Step 6. Apply a Color Scheme to Visualize the Reflectance Values on the Image

In the last step, you'll use Matplotlib to visualize the reflectance values you calculated for the PlanetScope scene.

In [20]:
import matplotlib.pyplot as plt
import matplotlib.colors as colors

"""
The reflectance values will range from 0 to 1. You want to use a diverging color scheme to visualize the data,
and you want to center the colorbar at a defined midpoint. The class below allows you to normalize the colorbar.
"""

class MidpointNormalize(colors.Normalize):
    """
    Normalise the colorbar so that diverging bars work there way either side from a prescribed midpoint value)
    e.g. im=ax1.imshow(array, norm=MidpointNormalize(midpoint=0.,vmin=-100, vmax=100))
    Credit: Joe Kington, http://chris35wills.github.io/matplotlib_diverging_colorbar/
    """
    def __init__(self, vmin=None, vmax=None, midpoint=None, clip=False):
        self.midpoint = midpoint
        colors.Normalize.__init__(self, vmin, vmax, clip)

    def __call__(self, value, clip=None):
        # I'm ignoring masked values and all kinds of edge cases to make a
        # simple example...
        x, y = [self.vmin, self.midpoint, self.vmax], [0, 0.5, 1]
        return np.ma.masked_array(np.interp(value, x, y), np.isnan(value))
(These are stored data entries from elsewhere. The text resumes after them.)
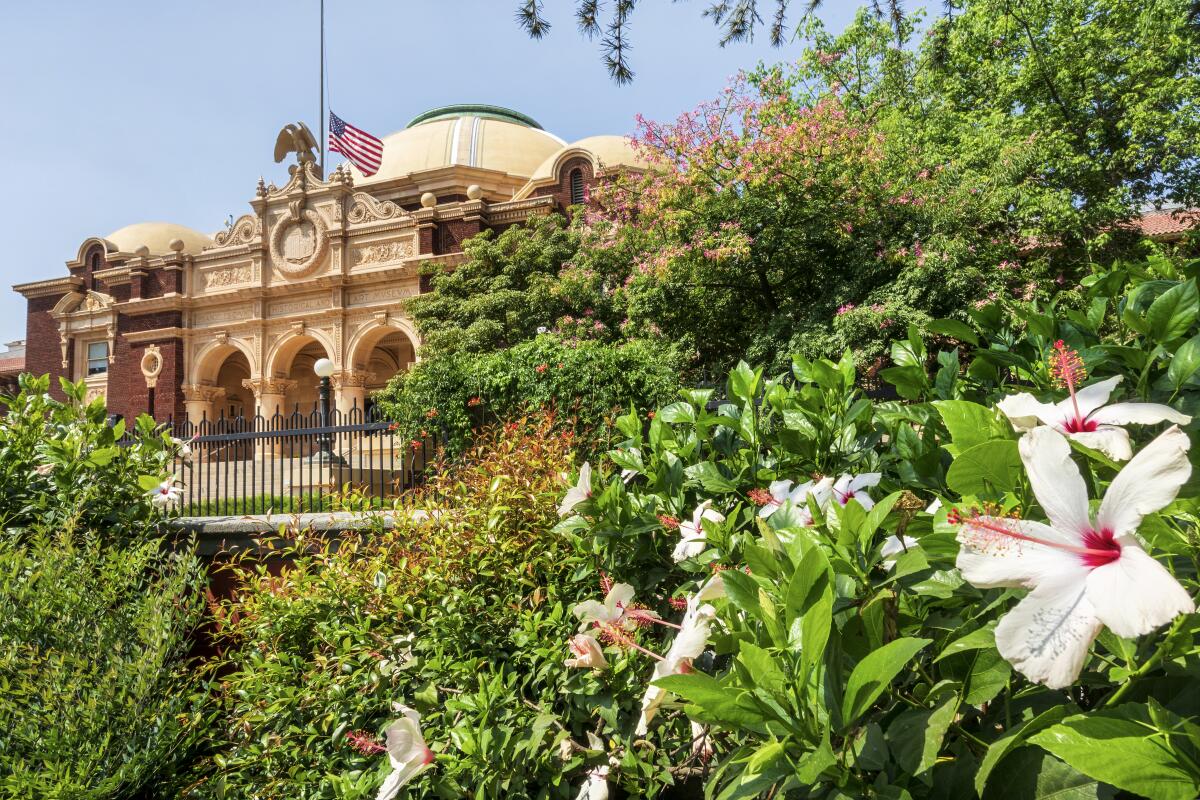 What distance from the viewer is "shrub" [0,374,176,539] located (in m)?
4.62

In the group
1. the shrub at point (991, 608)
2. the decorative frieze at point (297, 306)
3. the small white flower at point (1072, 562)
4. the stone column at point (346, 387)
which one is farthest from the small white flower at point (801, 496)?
the decorative frieze at point (297, 306)

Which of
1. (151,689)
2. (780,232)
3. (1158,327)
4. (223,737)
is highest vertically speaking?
(780,232)

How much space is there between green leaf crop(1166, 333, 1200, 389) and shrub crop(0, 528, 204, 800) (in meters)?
3.46

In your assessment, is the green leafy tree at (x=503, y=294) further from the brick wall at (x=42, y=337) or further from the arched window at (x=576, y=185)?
the brick wall at (x=42, y=337)

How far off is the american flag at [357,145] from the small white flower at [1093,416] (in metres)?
26.5

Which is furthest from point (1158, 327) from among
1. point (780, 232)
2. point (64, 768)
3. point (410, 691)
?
point (780, 232)

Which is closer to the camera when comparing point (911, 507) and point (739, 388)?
point (911, 507)

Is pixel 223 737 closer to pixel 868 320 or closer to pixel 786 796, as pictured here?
pixel 786 796

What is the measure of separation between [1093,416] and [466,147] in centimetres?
3408

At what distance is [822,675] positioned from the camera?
37.6 inches

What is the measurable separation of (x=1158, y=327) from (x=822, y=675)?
1033 millimetres

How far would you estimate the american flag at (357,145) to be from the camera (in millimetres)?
24922

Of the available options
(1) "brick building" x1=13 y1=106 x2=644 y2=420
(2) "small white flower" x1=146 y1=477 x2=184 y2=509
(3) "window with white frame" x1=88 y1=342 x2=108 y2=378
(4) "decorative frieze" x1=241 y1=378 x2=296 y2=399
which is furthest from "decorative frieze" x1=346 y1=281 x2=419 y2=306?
(2) "small white flower" x1=146 y1=477 x2=184 y2=509

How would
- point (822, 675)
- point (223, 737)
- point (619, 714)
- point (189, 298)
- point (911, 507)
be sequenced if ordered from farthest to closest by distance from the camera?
point (189, 298)
point (223, 737)
point (619, 714)
point (911, 507)
point (822, 675)
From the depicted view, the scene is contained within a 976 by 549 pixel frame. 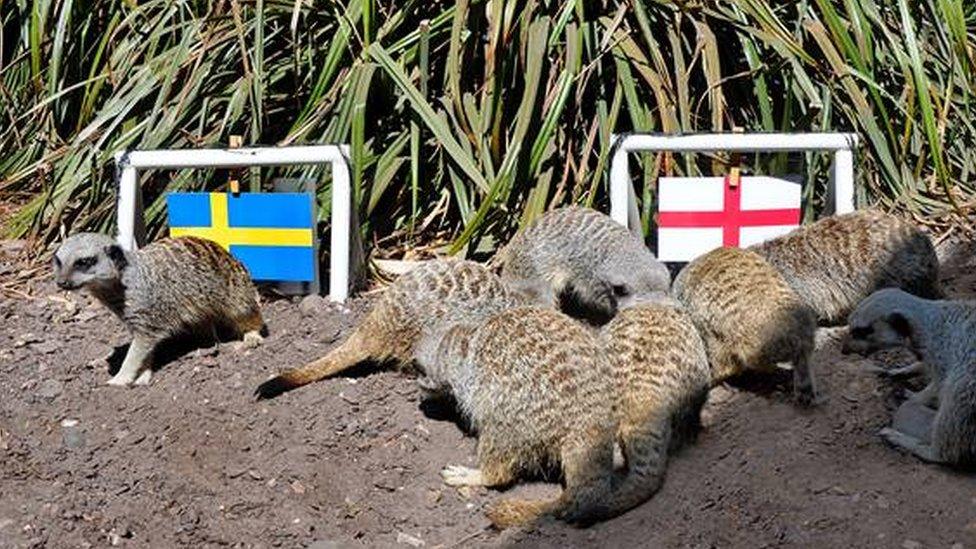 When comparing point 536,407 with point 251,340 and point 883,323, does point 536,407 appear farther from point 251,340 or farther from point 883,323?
point 251,340

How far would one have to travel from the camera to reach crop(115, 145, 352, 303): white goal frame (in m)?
4.30

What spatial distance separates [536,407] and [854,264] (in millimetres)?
1317

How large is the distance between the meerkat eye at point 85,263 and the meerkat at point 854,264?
2032mm

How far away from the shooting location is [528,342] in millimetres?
3350

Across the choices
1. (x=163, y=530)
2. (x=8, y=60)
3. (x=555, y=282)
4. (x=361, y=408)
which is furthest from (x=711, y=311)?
(x=8, y=60)

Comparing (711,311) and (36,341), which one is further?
(36,341)

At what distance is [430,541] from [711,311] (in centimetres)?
106

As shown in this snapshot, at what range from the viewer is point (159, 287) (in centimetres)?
402

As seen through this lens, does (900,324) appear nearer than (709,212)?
Yes

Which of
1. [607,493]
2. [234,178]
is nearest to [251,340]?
[234,178]

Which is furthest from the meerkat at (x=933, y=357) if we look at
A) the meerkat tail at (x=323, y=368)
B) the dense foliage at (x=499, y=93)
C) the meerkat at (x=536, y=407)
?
the meerkat tail at (x=323, y=368)

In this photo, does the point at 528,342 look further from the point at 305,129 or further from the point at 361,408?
the point at 305,129

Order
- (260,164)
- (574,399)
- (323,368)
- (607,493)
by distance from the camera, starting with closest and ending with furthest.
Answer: (607,493), (574,399), (323,368), (260,164)

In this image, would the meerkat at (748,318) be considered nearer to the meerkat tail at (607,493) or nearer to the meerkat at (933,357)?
the meerkat at (933,357)
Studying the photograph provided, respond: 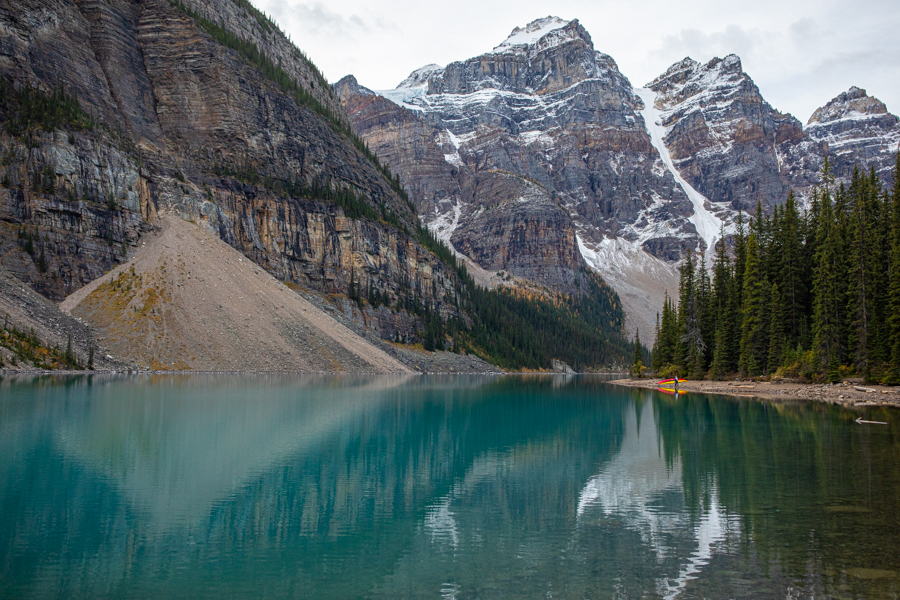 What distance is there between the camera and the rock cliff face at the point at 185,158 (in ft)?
278

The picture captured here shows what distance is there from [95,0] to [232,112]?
3046cm

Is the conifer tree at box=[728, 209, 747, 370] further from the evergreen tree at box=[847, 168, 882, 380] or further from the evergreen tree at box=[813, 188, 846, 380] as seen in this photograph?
the evergreen tree at box=[847, 168, 882, 380]

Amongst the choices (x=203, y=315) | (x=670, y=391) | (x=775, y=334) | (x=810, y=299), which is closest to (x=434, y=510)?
(x=775, y=334)

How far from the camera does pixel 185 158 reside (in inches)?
4636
# Set min/max values from reflectance range for image (excluding NAN)
min=np.nanmin(band_nir_reflectance)
max=np.nanmax(band_nir_reflectance)
mid=0.20

fig = plt.figure(figsize=(20,10))
ax = fig.add_subplot(111)

# diverging color scheme chosen from https://matplotlib.org/users/colormaps.html
# note that appending '_r' to the color scheme name reverses it!
cmap = plt.cm.get_cmap('RdGy_r')

cax = ax.imshow(band_nir_reflectance, cmap=cmap, clim=(min, max), norm=MidpointNormalize(midpoint=mid,vmin=min, vmax=max))

ax.axis('off')
ax.set_title('NIR Reflectance', fontsize=18, fontweight='bold')
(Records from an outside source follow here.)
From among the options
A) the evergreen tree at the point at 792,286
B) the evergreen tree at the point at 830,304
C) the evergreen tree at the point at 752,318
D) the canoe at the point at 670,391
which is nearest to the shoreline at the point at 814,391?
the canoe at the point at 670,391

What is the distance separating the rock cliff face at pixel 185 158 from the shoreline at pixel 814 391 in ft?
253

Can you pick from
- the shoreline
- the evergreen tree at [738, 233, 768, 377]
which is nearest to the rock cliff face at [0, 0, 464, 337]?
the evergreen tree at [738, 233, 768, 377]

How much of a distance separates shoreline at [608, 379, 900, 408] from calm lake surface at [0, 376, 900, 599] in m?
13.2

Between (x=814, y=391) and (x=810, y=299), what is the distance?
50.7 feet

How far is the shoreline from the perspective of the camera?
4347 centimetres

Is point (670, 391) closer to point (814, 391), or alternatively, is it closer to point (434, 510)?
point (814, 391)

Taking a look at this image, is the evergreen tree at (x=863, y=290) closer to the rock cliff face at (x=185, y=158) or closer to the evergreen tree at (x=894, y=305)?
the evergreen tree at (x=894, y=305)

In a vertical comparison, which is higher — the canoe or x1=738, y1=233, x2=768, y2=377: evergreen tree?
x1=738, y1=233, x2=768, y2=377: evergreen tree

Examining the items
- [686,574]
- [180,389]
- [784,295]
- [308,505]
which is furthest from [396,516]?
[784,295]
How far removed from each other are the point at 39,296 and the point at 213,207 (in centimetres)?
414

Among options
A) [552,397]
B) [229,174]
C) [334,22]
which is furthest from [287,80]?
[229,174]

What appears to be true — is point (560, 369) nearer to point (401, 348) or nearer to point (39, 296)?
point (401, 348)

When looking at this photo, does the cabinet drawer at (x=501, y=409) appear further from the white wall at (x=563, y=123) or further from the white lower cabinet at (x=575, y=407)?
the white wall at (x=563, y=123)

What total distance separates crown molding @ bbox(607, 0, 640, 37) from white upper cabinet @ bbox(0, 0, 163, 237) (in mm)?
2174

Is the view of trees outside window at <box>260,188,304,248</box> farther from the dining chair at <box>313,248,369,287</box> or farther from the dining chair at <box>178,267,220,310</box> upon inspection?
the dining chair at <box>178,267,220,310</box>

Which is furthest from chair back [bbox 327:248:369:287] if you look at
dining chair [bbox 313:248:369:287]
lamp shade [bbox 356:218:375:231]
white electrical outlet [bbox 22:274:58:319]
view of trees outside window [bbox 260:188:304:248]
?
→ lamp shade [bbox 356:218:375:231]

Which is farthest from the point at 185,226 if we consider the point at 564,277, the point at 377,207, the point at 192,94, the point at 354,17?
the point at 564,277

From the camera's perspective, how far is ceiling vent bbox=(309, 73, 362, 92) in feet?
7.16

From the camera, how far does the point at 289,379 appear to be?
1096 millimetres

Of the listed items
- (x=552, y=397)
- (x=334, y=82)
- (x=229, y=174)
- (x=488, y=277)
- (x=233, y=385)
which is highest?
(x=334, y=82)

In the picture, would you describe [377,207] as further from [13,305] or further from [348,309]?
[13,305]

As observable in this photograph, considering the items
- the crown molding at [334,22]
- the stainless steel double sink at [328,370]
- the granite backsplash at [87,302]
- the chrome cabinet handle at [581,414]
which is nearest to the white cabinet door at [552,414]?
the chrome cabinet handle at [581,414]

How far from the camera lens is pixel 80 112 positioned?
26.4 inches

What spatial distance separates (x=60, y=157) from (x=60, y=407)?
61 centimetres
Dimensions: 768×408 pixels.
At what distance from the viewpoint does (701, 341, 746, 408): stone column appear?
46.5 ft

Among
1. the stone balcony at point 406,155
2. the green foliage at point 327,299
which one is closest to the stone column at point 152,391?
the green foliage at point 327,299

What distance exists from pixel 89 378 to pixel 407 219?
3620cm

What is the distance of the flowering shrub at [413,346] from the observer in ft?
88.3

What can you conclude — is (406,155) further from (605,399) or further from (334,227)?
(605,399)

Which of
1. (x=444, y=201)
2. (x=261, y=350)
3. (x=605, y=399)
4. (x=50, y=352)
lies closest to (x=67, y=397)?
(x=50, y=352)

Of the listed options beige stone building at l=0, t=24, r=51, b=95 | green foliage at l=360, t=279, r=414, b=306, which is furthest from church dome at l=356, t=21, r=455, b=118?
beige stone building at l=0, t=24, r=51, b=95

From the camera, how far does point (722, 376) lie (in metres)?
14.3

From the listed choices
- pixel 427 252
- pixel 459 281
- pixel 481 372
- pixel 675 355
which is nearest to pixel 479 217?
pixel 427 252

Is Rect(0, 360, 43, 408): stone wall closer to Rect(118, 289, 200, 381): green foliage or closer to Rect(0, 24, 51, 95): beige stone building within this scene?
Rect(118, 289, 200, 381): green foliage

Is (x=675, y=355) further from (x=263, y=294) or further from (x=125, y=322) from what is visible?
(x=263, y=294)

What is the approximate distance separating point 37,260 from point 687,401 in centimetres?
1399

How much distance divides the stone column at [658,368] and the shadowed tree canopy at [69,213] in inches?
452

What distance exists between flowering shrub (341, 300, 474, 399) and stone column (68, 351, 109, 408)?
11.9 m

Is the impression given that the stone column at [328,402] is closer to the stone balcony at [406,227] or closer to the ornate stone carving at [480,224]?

cbar = fig.colorbar(cax, orientation='horizontal', shrink=0.65)

fig.savefig("ref-fig.png", dpi=200, bbox_inches='tight', pad_inches=0.7)

plt.show()

Looking at the NIR reflectance image, we see that the lakes and ponds appear to reflect almost no infrared light at all, but the healthy fields reflect almost 50% of the incoming infrared light!